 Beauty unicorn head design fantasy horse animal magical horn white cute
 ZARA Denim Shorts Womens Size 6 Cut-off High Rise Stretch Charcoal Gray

* * *

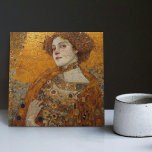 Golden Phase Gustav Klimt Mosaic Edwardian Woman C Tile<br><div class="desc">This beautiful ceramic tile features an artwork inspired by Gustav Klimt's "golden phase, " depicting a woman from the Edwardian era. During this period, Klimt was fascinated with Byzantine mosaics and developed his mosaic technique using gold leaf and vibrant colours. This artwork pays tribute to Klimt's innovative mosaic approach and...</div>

• [EXERCISE REQUIREMENTS]:
Please give again the lines above between the line holding "Beauty unicorn head" and the line holding "ZARA Denim Shorts", inclusive, exactly as they are and with nothing added.

• [COMPLETED EXERCISE]:
 Beauty unicorn head design fantasy horse animal magical horn white cute
 ZARA Denim Shorts Womens Size 6 Cut-off High Rise Stretch Charcoal Gray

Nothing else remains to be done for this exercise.